We submitted a paper that I wrote together with Johan Redström to the IASDR’13 conference in Tokyo. The paper was accepted and I consequently went to Tokyo to present it. Below you can see a video of me doing my talk at IASDR and you can review the slides I used in it.

The paper can be found here: The Wickedness of Design Research Practice. (or from the conference website here)

In this paper we look at current themes in (interaction) design discourse in order to find support for the difficulties I encounter in the structuring and projecting of my own design research practice.

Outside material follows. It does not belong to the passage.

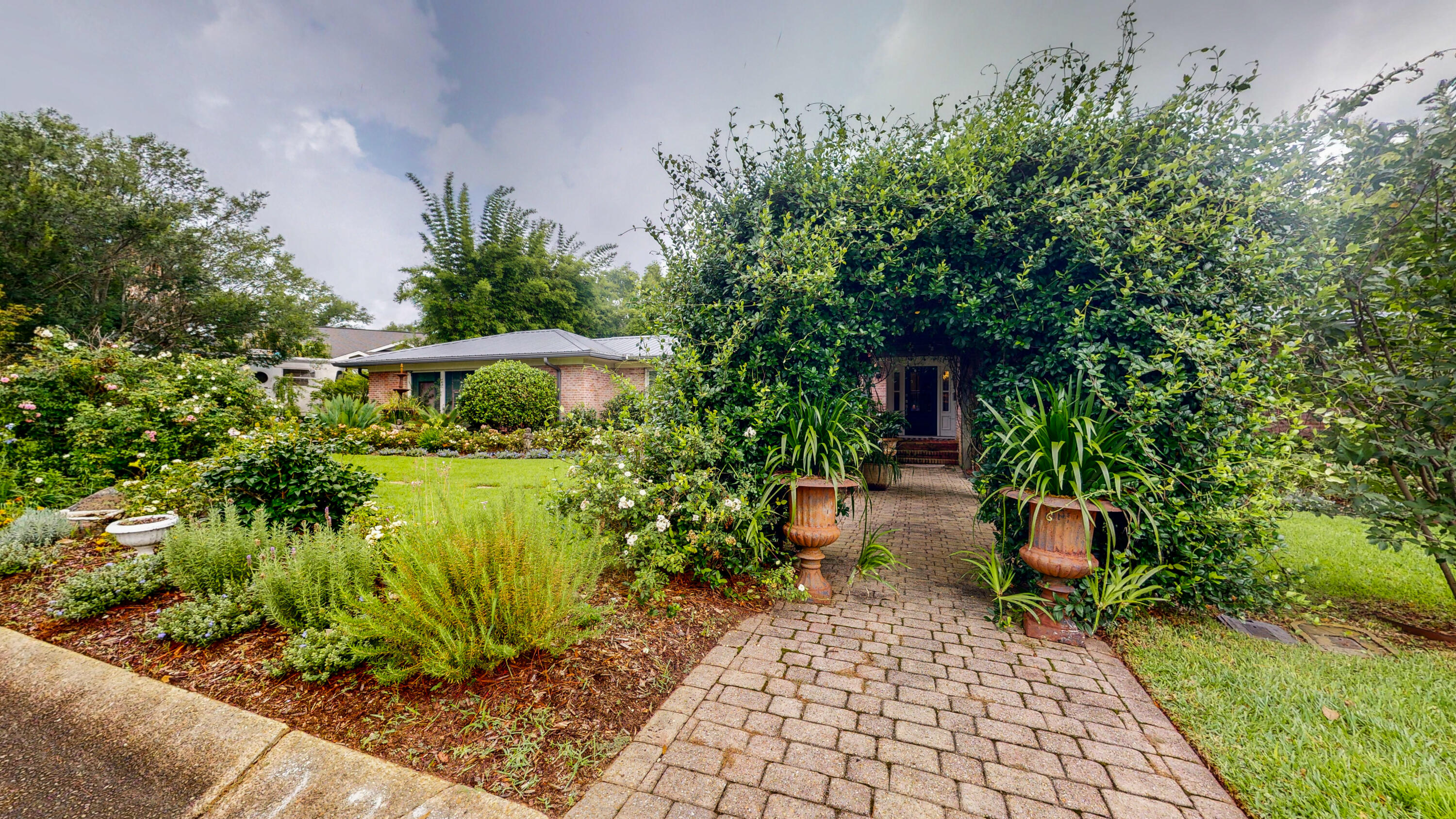 Extraordinary 3 Bedroom 3 Bath renovated brick Midcentury Ranch in the much sought after East Hill Neighborhood of Pensacola. Eclectic design elements bring together the old with the new and marry modern elements with beautiful antiques to create the perfect timeless haven.Each room is flooded with natural light from large windows boasting Kravitz Velvet Drapes and custom fit shades. The original oak hardwood floors have been refinished through the home giving a cohesive feel as you transition from room to room, Each living space has been customized with Farrows and Ball Paint as well as luxury high end wallpaper from Schumacher, Osborne & Little, Christian Lacroix, and Coleman. Custom closet systems are in each bedroom. All bathrooms have been recently remodeled.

The difficulties I encounter in my own project seem to have to do with what we in the paper call ‘wickedness of design research practice’. We review some papers from the field of practice-led (interaction) design research. The paper identifies that the discussion in current discourse seems to focus on the academic standing of design research, the kinds of knowledge it may yield and in what forms that may be disseminated.
It does not so much go into what is actually done in the practice.
In our paper we propose to shift  focus to how design research practice unfolds, what is it that people do that perform design acts in order to get to grip with what they are inquiring into?; how do they do that? We furthermore propose that some insight into this may come from looking at how design practitioners work with conceptual circles.

Some insightful and exciting comments that I received after my talk were those from John Zimmerman. His main concern was with how in this paper the term wickedness is handled. We went on to discuss ways to advance some of the thoughts of the paper differently so as to develop our ideas on how to work with conceptual circles in design research practice.  At a later time I’ll report back here on the results of those efforts.